Code smells in software indicate poor design and implementation choices. Detecting and removing them is critical for sustainable software development. Machine learning (ML) can automate code smell detection. Most ML solutions train models from scratch on code smell datasets, using handcrafted source code metrics as features. Pretrained language models, like BERT, fueled a paradigm shift in natural language processing: from handcrafted features to automatically inferred features and from training models from scratch to using pretrained models. Code embeddings offer the potential to bring a similar paradigm shift to code analysis. Nevertheless, the potential of using pretrained neural code embeddings for code smell detection has yet to be fully explored. To this end, we evaluated ML models trained using different code representations: code metrics and state-of-the-art neural code embeddings (CodeT5 and CuBERT).
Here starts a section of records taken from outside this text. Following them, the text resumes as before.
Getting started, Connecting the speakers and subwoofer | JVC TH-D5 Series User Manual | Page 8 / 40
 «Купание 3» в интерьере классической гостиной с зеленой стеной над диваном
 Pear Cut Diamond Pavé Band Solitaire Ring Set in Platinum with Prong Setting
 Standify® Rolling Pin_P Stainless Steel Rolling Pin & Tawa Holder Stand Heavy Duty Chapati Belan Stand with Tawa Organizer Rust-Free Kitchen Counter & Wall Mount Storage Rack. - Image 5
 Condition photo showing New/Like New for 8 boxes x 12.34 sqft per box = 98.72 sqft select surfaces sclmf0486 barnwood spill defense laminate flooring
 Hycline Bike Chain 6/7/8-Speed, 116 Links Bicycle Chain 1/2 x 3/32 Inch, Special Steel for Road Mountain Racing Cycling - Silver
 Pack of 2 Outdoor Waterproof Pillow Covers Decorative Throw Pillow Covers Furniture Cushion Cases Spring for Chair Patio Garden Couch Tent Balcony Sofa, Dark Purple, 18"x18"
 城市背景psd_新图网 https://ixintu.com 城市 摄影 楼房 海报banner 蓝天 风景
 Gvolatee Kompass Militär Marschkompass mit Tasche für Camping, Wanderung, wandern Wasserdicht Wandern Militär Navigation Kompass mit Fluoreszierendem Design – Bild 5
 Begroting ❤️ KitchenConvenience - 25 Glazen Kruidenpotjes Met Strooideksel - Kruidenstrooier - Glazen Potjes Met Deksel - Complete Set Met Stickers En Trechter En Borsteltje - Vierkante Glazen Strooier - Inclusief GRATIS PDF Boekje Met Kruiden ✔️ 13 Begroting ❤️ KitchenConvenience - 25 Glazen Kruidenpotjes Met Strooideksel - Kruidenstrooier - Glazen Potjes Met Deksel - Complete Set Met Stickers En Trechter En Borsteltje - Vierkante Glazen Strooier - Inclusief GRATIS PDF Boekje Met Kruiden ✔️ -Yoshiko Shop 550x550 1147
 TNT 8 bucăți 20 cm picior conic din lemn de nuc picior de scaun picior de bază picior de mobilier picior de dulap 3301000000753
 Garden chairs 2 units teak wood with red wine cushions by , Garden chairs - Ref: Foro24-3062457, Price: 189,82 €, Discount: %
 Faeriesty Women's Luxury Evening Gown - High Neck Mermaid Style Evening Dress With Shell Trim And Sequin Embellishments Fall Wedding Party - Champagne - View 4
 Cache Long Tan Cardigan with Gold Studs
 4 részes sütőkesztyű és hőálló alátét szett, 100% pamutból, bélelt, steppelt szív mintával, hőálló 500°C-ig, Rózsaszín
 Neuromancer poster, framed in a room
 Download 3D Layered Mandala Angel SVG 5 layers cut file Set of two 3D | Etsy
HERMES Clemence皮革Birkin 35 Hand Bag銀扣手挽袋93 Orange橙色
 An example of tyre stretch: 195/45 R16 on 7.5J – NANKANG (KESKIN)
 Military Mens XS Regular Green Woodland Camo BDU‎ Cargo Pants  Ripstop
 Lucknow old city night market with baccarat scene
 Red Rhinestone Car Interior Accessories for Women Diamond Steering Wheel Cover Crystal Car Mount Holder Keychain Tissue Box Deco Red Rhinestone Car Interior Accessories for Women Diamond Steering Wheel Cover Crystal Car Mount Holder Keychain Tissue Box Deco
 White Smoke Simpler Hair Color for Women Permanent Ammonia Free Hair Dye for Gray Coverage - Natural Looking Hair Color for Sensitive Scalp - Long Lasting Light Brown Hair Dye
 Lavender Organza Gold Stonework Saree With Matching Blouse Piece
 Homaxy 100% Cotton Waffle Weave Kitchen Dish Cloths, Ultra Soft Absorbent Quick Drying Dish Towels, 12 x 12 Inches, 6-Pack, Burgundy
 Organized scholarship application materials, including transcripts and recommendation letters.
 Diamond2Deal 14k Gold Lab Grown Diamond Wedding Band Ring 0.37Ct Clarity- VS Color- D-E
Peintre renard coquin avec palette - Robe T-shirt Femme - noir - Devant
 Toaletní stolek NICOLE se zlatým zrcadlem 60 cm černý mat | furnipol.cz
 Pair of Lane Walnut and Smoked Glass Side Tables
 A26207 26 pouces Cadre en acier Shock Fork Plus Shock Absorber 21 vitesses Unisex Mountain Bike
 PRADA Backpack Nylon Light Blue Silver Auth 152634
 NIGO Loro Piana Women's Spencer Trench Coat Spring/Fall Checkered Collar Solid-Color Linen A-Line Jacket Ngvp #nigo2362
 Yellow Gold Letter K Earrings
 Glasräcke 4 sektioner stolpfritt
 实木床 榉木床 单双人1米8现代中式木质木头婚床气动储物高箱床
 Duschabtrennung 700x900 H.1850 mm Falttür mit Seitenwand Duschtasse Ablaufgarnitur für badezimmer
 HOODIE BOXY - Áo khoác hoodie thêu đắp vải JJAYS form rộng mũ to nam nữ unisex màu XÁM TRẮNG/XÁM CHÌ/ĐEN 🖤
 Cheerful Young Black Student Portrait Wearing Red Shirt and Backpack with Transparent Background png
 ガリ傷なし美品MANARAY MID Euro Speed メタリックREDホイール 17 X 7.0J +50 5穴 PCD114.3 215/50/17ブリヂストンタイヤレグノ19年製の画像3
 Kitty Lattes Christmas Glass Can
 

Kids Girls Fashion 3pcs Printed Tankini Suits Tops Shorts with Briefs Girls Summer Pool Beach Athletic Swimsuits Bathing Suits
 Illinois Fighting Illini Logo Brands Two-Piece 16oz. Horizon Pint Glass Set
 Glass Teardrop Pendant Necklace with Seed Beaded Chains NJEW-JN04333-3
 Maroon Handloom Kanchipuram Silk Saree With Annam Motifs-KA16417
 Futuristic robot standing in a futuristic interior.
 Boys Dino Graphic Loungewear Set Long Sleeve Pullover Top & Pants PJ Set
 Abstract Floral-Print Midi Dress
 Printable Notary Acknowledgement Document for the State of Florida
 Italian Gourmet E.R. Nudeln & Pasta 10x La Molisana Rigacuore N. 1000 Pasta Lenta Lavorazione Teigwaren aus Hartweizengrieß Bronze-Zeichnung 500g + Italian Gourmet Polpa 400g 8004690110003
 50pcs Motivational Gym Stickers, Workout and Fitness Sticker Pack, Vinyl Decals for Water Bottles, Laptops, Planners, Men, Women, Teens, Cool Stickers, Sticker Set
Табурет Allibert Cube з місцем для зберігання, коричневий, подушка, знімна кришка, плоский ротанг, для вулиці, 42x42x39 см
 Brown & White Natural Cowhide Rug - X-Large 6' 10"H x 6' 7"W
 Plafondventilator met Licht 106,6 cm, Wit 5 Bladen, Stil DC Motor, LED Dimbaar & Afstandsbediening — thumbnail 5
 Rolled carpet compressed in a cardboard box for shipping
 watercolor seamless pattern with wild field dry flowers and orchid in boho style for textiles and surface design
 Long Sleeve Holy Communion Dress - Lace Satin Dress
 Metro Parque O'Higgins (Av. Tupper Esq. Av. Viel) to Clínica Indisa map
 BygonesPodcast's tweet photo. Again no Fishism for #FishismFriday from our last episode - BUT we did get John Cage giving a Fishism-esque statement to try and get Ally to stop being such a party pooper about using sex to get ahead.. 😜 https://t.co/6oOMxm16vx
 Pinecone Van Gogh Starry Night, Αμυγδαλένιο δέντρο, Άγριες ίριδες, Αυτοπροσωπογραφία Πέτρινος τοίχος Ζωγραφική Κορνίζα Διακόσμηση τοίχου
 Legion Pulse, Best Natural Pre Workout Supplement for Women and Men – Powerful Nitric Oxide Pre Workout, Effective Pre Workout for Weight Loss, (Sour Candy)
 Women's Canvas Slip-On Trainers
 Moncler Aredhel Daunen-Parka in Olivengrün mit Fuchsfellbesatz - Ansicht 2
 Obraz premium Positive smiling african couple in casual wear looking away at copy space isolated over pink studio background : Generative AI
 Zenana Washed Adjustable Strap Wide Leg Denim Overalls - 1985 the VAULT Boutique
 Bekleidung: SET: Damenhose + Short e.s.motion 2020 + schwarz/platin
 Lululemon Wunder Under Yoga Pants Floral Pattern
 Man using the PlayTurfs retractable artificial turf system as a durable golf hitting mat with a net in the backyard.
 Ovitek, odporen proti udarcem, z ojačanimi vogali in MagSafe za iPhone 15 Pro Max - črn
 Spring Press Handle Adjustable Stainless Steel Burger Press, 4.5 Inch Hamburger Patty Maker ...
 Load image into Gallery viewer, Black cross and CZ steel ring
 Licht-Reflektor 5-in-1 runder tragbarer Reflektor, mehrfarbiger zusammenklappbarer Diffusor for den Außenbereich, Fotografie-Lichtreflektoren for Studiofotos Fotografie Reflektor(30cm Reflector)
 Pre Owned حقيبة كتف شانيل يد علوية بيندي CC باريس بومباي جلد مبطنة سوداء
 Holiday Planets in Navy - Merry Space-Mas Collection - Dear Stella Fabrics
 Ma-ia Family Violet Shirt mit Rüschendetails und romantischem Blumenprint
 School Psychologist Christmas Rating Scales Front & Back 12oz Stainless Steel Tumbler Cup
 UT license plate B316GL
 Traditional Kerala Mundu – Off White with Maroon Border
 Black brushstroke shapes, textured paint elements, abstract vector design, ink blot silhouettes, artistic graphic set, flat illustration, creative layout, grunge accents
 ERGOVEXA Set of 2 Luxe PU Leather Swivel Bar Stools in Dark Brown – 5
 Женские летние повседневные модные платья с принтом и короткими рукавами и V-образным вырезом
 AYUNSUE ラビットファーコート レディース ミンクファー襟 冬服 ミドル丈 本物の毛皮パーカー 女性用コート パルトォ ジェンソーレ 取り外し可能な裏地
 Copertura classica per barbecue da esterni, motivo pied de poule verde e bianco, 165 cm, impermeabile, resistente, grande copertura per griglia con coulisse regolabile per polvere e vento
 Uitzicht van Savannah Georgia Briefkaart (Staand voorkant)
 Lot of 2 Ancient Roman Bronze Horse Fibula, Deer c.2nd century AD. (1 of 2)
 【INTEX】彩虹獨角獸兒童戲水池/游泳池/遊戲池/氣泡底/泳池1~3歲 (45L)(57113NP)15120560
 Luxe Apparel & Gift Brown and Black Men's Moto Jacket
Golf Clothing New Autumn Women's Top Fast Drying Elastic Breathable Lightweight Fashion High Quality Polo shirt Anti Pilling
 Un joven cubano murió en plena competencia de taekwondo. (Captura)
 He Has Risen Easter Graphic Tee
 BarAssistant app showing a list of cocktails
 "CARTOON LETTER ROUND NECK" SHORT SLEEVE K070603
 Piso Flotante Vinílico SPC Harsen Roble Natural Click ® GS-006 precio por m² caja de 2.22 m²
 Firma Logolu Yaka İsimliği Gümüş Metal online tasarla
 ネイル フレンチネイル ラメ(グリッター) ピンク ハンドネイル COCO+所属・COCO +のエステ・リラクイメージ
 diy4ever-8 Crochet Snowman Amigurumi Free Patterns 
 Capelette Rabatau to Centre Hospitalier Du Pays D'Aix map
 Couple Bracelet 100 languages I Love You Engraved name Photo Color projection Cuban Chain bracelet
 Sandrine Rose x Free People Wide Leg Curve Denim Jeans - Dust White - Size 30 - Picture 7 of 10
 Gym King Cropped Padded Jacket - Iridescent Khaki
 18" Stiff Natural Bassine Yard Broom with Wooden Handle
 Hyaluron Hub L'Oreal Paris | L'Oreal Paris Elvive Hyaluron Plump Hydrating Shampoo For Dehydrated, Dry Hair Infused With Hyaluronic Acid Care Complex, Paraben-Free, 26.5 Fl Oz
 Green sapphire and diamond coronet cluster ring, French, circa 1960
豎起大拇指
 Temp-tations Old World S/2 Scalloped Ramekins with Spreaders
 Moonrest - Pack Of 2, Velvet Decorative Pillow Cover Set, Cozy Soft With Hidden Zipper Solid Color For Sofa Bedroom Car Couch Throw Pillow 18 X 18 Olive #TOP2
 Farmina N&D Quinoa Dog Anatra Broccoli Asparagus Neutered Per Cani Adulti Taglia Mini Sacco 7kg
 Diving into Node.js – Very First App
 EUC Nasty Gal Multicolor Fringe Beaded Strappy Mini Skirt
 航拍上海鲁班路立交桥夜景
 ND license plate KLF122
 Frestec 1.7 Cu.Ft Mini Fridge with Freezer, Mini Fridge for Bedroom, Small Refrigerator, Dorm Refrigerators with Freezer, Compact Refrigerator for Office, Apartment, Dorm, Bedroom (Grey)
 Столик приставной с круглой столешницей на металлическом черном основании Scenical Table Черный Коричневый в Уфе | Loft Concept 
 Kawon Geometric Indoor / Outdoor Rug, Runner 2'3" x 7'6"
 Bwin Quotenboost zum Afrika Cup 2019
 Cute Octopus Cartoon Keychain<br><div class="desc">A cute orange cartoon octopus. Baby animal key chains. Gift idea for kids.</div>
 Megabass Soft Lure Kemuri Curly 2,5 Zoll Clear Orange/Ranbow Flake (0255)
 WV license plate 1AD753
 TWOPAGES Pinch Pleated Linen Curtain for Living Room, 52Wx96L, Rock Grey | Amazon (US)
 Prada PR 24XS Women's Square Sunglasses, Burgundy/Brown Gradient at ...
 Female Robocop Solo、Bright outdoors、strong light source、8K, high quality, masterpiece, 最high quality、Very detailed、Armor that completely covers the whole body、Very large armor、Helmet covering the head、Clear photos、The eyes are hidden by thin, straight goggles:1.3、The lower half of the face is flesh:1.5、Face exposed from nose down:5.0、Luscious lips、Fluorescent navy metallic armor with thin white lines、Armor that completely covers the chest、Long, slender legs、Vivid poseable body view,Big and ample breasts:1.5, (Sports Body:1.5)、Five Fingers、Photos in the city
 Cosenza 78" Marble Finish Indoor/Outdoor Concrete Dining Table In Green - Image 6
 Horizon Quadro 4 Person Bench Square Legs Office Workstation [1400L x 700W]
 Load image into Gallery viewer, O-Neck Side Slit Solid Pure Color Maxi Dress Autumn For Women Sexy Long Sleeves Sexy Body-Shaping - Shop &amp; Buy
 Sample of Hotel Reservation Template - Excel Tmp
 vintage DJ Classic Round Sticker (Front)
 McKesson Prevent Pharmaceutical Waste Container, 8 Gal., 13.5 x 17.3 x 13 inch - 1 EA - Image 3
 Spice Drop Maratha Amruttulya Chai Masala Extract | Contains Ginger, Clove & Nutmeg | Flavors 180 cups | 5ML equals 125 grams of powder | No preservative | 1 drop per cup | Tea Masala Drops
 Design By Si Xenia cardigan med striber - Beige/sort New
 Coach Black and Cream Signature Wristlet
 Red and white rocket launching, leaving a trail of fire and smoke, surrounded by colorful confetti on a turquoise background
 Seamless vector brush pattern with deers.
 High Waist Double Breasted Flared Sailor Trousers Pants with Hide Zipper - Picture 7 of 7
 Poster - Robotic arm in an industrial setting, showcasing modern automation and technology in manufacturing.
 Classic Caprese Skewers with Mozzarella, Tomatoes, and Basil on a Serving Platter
We experimented with CodeT5 variants (base and small) and explored multiple ways of embedding code snippets (by combining line-level embeddings or passing the entire code snippet as input). We tested our approaches on the tasks of detecting Data Class and Feature Envy on the MLCQ dataset. Considering the results of this study and our previous research, performance-wise, there is no clear winner between using code metrics or code embeddings for different code smell types and programming languages. However, given that, in contrast to code metrics, code embeddings can automatically adapt to new programming constructs and are expected to scale better with dataset size, these models are likely to become the future state-of-the-art feature generation technique for code smell detection.